• **Data records**:
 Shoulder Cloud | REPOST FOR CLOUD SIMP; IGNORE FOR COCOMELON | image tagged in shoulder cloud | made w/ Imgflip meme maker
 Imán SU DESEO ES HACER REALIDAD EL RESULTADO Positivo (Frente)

...

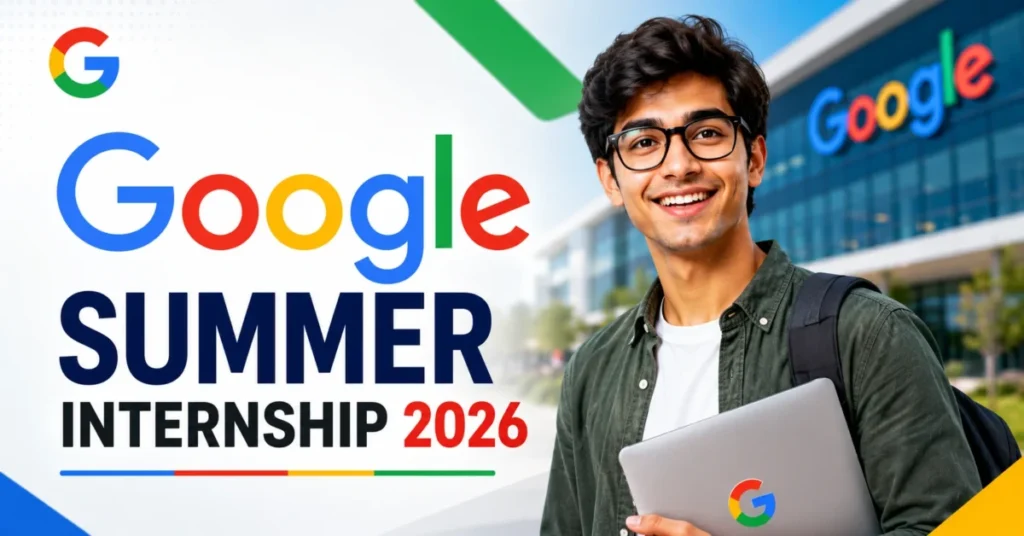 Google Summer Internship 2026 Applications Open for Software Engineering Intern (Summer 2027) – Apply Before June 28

• **What the task requires**: Give back precisely the lines above that start at the line containing "Shoulder Cloud | REPOST" and end at the line containing "Imán SU DESEO", inclusive. No other lines belong in the output.

• **Completed task**:
 Shoulder Cloud | REPOST FOR CLOUD SIMP; IGNORE FOR COCOMELON | image tagged in shoulder cloud | made w/ Imgflip meme maker
 Imán SU DESEO ES HACER REALIDAD EL RESULTADO Positivo (Frente)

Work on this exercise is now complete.